Recently, I visited the small town of Marfa, Texas. The school district is quite small, with fewer than 500 kids in their system. Just as in school visits past, as I entered the school I was greeted by a stern, but kind office manager. Kids bustled through the hallways with their backpacks slung across one shoulder, and the hallway was lined with classrooms, doors open, desks in lines or semicircles, and lessons scrawled across whiteboards. The hallways were warm and inviting, plastered with posters and inspiring quotes. All of it familiar, and comforting.

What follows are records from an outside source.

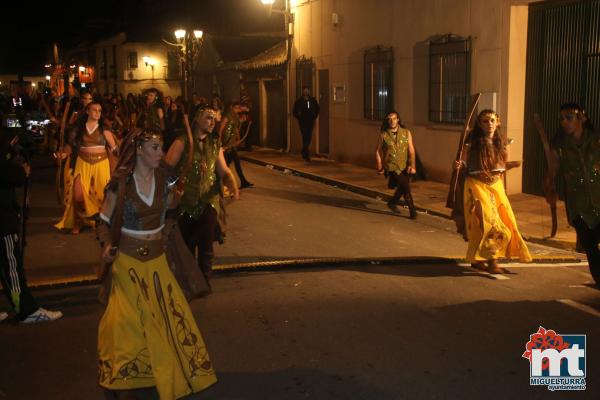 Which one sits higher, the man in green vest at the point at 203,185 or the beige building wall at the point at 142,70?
the beige building wall at the point at 142,70

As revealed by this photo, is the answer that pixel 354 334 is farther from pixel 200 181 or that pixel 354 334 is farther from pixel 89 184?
pixel 89 184

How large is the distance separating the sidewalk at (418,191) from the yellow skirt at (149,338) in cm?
664

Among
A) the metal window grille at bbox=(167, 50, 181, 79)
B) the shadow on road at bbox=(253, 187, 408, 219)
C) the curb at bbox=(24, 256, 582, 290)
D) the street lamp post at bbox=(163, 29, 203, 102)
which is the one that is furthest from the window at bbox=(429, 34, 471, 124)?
the metal window grille at bbox=(167, 50, 181, 79)

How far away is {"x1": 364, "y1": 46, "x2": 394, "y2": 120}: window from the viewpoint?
1805cm

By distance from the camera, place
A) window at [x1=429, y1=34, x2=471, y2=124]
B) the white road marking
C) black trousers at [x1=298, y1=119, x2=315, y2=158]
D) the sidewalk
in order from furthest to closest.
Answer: black trousers at [x1=298, y1=119, x2=315, y2=158], window at [x1=429, y1=34, x2=471, y2=124], the sidewalk, the white road marking

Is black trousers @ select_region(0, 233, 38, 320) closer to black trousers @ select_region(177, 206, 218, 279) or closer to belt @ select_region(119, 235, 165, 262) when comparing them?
black trousers @ select_region(177, 206, 218, 279)

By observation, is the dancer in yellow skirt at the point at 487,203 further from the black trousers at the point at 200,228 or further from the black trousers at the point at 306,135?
the black trousers at the point at 306,135

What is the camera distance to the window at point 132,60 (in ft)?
190

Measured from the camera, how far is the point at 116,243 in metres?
4.82

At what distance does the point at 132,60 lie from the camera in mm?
58312

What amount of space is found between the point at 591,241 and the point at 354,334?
8.76 ft

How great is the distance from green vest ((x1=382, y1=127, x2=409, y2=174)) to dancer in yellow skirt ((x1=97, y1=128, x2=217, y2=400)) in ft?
24.6

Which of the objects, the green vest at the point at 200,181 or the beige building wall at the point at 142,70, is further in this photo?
the beige building wall at the point at 142,70

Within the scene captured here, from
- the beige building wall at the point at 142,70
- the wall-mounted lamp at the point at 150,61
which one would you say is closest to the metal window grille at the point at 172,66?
the beige building wall at the point at 142,70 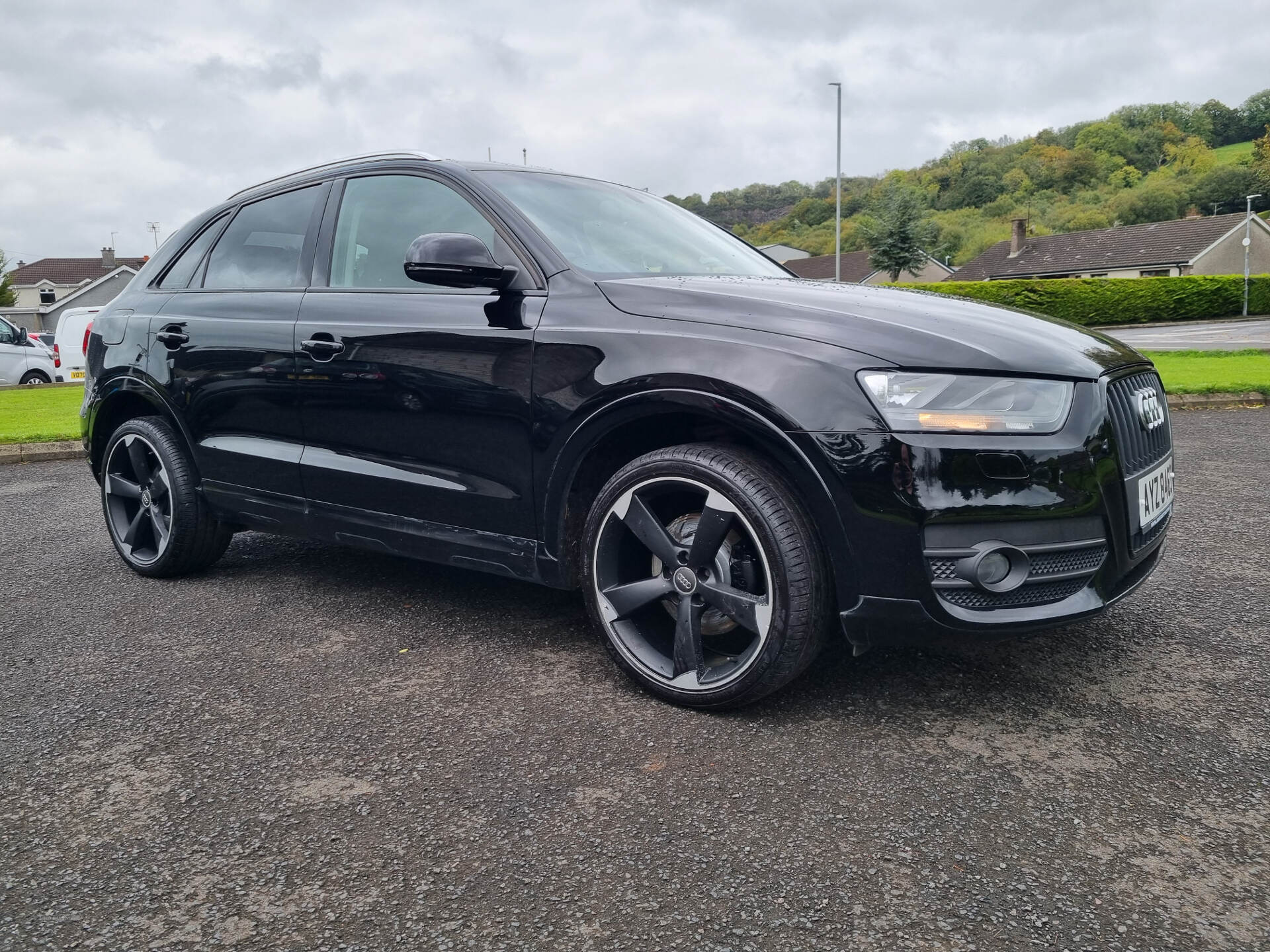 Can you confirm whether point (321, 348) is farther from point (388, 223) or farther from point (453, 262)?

An administrator toured me through the school bringing me into an 8th grade English class and then over to a 9th grade math class. The district was small enough to house the middle and high schools in the same building. In the math class, I spoke with several students and the teacher. I spent only a few minutes talking with each student, but in that short time I learned one had just moved there from Austin, another wanted to be a nurse and was working on graduating a year early, and yet another dreamed of coding, but wasn’t sure he was college material. The teacher had only been at the school for a couple of years. He’d come here from Arizona, where he’d taught in a bilingual program. There were only eight students in the class.

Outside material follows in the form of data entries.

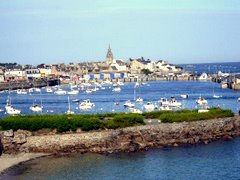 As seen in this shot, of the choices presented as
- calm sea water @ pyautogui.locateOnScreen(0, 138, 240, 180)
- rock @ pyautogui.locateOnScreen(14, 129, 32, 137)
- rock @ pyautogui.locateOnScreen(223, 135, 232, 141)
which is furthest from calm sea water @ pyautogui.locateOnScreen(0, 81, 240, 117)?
rock @ pyautogui.locateOnScreen(14, 129, 32, 137)

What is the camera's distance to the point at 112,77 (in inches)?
5994

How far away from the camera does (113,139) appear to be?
35.2 m

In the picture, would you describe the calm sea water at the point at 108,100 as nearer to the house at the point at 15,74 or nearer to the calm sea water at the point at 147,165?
the calm sea water at the point at 147,165

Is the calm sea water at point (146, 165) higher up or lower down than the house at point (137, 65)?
lower down

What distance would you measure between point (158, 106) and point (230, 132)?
90.1ft

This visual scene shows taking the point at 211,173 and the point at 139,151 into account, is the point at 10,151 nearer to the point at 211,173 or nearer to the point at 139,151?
the point at 139,151

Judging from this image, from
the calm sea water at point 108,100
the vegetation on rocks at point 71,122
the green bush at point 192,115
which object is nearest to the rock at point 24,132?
the vegetation on rocks at point 71,122

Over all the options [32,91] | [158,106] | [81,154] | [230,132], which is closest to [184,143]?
[230,132]

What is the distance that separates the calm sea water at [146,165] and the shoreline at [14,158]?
0.60 metres

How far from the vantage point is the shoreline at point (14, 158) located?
3161 centimetres

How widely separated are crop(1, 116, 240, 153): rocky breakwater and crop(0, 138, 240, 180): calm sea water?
4.02ft

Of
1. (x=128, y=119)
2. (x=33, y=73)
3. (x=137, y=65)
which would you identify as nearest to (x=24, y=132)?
(x=128, y=119)

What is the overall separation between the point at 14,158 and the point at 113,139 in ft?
20.3

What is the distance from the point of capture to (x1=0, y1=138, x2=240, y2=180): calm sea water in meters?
28.6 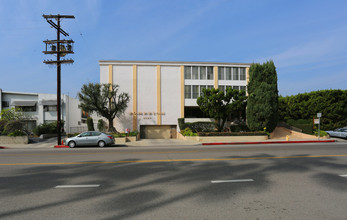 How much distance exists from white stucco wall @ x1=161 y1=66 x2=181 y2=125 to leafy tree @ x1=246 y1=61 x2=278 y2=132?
938 cm

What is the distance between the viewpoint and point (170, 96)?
94.8 ft

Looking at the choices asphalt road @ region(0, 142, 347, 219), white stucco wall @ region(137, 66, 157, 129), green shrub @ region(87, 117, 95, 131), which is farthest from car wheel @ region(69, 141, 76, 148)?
white stucco wall @ region(137, 66, 157, 129)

More than 75% of the student-body identifies as Latinx and/or Hispanic. Every student I spoke with was bilingual, not only could they speak Spanish, but were also literate in Spanish. Additionally many of the educators I spoke with were also bilingual. Yet, at this school, students did not have access to dual language or bilingual instruction. Additionally, this small math class of only eight students was taught in exactly the same way as one with 30 students. In each of the classes I observed, I saw teachers lecturing up front and students sitting in desks in rows, taking notes, and engaging via discussion.
I see this standardization or traditional delivery of instruction everywhere. I have seen some variations. Amy T. Andersen’s classroom in Ocean City, New Jersey is one. She has adjusted her seating for deaf culture. Students sit in an arc around the room to ensure they can all see one another. Amy’s been able to adjust her instruction to better meet the needs of her students and to provide an authentic experience for them. I’ve also seen flexible seating, with tall tables, short coffee tables, couches, bean bag chairs, and traditional desks mixed in. Although, flexible seating is only one strategy and must be accompanied by additional innovation in instruction to truly make it flexible.

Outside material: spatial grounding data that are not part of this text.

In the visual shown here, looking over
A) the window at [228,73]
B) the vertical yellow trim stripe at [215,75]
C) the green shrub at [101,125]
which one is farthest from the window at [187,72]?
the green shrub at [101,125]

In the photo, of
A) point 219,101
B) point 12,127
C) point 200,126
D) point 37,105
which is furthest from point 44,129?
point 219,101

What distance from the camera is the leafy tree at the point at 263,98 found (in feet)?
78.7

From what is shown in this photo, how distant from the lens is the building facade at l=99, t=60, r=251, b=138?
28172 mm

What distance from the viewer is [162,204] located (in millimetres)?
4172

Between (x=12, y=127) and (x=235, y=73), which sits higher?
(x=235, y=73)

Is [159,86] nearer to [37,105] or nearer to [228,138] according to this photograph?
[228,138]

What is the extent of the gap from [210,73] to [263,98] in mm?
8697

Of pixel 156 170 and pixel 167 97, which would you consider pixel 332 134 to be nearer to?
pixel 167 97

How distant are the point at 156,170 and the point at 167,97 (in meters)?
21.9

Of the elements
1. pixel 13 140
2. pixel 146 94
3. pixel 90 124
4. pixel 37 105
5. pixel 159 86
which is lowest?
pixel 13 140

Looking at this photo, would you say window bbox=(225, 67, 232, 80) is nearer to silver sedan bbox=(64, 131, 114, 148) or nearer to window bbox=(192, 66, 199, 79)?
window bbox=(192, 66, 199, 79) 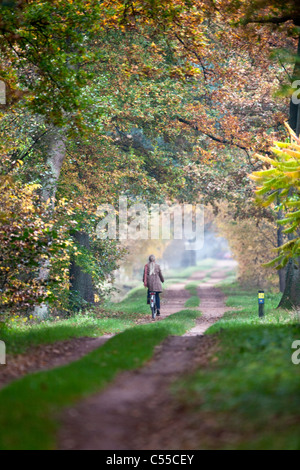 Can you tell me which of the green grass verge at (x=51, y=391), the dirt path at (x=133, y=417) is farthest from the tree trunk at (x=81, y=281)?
the dirt path at (x=133, y=417)

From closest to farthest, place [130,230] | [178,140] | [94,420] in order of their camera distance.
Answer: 1. [94,420]
2. [178,140]
3. [130,230]

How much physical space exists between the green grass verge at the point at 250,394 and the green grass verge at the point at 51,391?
48.7 inches

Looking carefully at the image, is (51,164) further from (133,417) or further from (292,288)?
(133,417)

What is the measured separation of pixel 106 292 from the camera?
31.1 metres

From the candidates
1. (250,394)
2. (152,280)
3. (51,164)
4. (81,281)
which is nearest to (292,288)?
(152,280)

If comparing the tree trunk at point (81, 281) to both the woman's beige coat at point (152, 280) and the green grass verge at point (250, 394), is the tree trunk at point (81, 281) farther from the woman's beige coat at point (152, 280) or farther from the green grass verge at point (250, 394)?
the green grass verge at point (250, 394)

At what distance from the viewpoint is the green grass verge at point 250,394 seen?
5.98 metres

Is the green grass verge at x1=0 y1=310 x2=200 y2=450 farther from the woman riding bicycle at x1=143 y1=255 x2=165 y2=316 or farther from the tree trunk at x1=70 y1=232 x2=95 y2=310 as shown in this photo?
the tree trunk at x1=70 y1=232 x2=95 y2=310

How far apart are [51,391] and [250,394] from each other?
8.09 ft

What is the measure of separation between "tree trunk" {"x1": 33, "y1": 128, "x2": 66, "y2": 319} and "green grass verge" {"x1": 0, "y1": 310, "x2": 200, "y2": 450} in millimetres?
9436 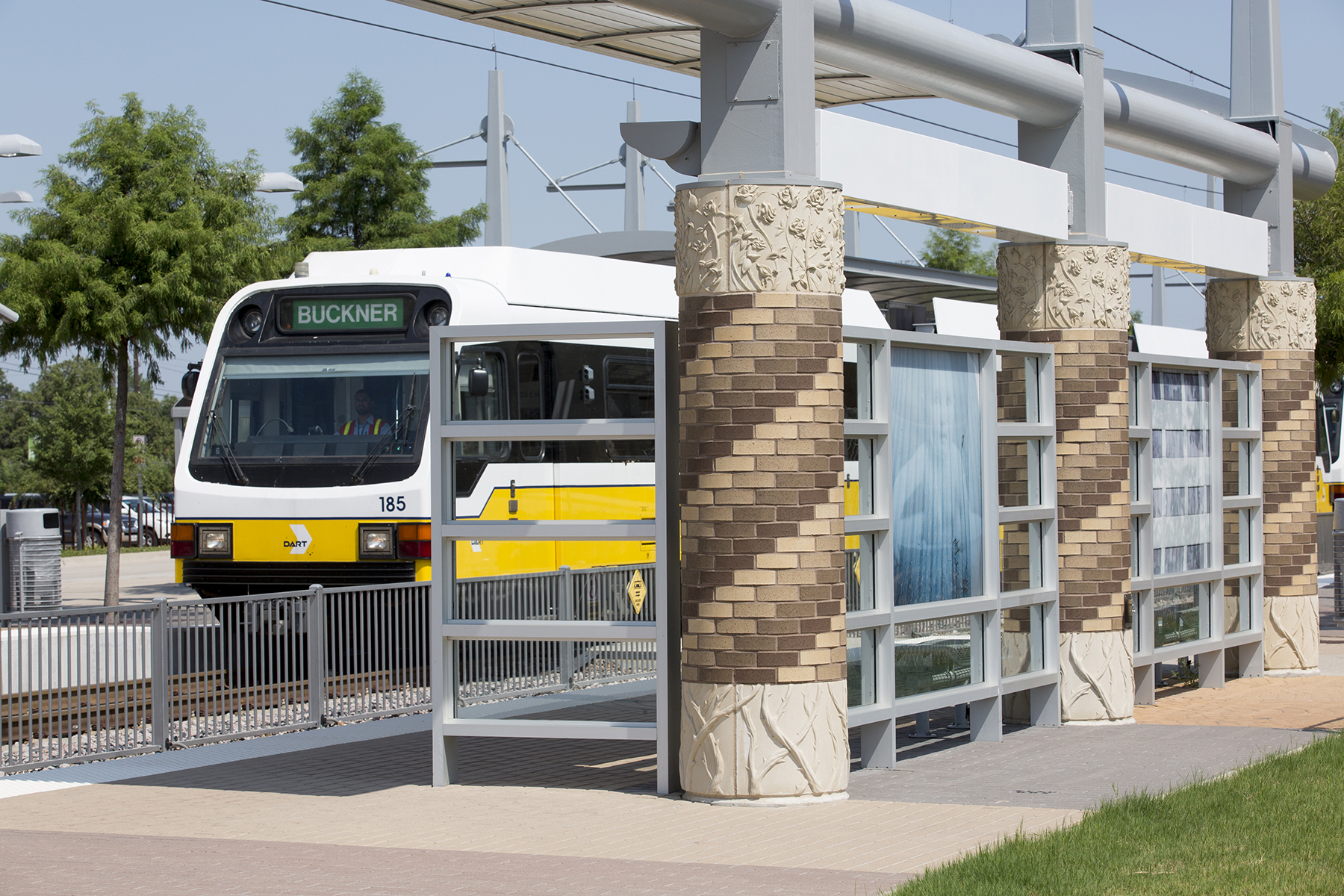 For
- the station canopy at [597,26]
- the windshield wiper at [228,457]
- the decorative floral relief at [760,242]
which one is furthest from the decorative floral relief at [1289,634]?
the windshield wiper at [228,457]

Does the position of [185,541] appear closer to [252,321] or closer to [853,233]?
[252,321]

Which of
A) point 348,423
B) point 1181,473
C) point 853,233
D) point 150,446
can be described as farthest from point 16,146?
point 150,446

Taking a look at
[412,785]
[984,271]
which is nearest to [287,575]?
[412,785]

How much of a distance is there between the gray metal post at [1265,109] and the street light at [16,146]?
12.8 metres

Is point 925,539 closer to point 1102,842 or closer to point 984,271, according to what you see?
point 1102,842

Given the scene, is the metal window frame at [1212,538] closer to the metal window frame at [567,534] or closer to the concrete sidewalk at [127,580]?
the metal window frame at [567,534]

What it comes down to is that it’s not about mandating or standardizing instruction. It’s about giving schools the flexibility to meet the needs of the community in which they reside. In Marfa, Texas that could mean implementing dual-language without having to jump through impossible hoops to do so. Or, exploring new modes of teaching and assessment because their small class sizes allow for options. For example, teachers could focus on mastery rather than level, allowing students to work at their individual competency and pace, maybe a form of flipping their classrooms in order to provide more one-to-one support.
The point is, schools need to meet the direct needs of their communities. Sometimes this means we shouldn’t all look and operate the same, no matter how comforting that feels. We must look critically at our communities and try something new. It’s challenging, but it’s the right thing to do.